§ **Material provided**:
━━━━━━

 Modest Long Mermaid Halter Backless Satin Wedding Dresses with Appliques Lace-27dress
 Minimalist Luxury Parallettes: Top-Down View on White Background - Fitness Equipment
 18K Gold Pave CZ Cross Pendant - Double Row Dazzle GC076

━━━━━━

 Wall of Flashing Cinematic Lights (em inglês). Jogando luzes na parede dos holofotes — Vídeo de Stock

━━━━━━

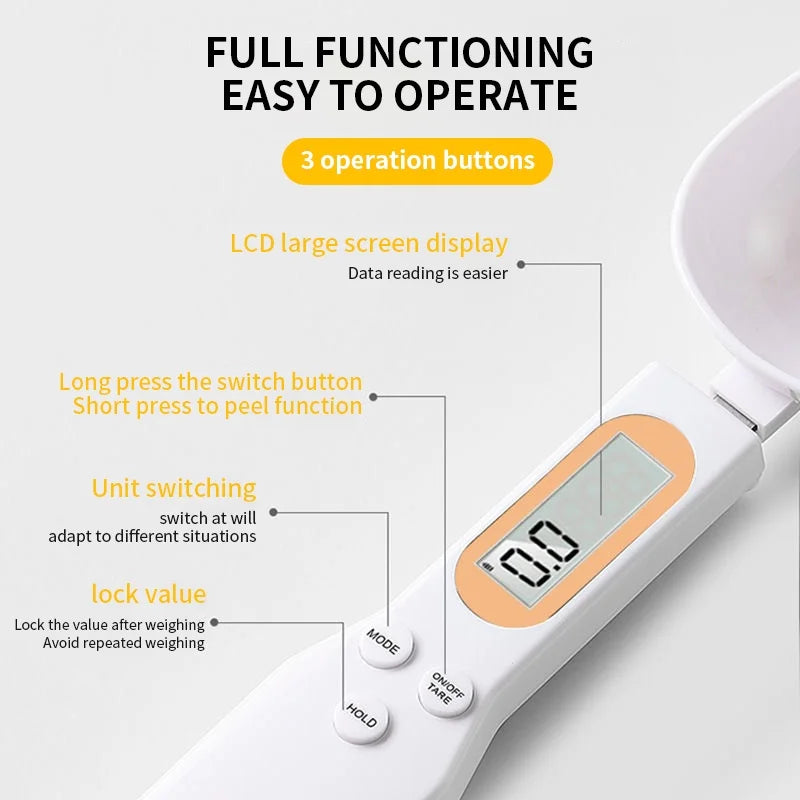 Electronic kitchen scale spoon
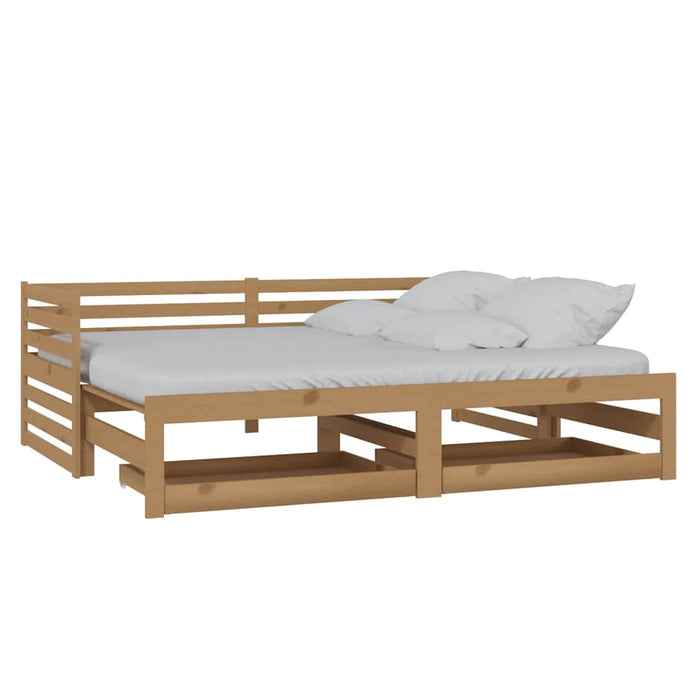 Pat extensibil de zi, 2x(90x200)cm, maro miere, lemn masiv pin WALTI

━━━━━━

§ **Exercise brief**: What is needed is a verbatim copy of every line in the records above from the one containing "Modest Long Mermaid" down to the one containing "18K Gold Pave", both included, and nothing more.

§ **Solution to this problem**:
 Modest Long Mermaid Halter Backless Satin Wedding Dresses with Appliques Lace-27dress
 Minimalist Luxury Parallettes: Top-Down View on White Background - Fitness Equipment
 18K Gold Pave CZ Cross Pendant - Double Row Dazzle GC076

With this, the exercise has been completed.